Results: We applied the technique to the HGU-133A, HG-U95A, and "Golden Spike" spike-in data sets. The resulting receiver operating characteristic (ROC) curves compared favorably with other published results. This procedure is quite sensitive, so much so that it has revealed the presence of probe sets that might properly be called "unanticipated positives" rather than "false positives", because plots of these probe sets strongly suggest that they are differentially expressed.
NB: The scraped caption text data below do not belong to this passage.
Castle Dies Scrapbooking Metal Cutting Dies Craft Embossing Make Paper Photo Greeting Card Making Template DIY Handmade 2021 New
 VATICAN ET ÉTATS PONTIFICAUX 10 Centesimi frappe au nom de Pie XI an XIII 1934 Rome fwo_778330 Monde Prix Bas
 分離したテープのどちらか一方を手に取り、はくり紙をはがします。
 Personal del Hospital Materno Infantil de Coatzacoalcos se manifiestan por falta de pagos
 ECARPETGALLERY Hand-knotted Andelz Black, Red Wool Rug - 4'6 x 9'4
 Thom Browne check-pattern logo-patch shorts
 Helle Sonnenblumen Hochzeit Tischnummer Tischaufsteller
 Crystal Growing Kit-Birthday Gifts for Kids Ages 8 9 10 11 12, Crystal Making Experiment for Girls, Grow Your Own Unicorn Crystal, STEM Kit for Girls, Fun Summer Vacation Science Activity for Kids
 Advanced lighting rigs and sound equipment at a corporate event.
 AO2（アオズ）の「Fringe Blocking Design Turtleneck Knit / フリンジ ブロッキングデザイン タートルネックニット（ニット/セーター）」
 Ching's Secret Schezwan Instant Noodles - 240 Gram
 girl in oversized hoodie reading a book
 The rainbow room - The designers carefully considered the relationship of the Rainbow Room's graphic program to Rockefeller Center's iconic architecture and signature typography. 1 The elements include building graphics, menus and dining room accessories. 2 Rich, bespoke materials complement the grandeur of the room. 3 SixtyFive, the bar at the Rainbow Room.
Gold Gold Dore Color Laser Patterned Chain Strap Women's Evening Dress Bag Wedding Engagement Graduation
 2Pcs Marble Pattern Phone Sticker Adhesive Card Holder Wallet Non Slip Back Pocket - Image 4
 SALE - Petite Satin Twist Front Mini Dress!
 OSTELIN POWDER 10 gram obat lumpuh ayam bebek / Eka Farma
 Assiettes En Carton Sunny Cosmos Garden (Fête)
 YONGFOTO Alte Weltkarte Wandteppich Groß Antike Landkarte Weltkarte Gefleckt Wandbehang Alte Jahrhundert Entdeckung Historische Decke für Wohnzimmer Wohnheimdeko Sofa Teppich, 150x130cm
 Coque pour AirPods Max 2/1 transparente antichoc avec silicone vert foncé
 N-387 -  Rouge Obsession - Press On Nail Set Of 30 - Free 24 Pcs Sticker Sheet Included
Conclusion: The median ANOVA (1-p) approach presented here is a very simple methodology that does not depend on any specific probe level or probe models, and does not require any pre-processing other than within-chip standardization of probe level log amplitudes. Its performance is comparable to other published methods on the standard spike-in data sets, and has revealed the presence of new categories of probe sets that might properly be referred to as "unanticipated positives" and "unanticipated negatives" that need to be taken into account when using spiked-in data sets at "truthed" test beds.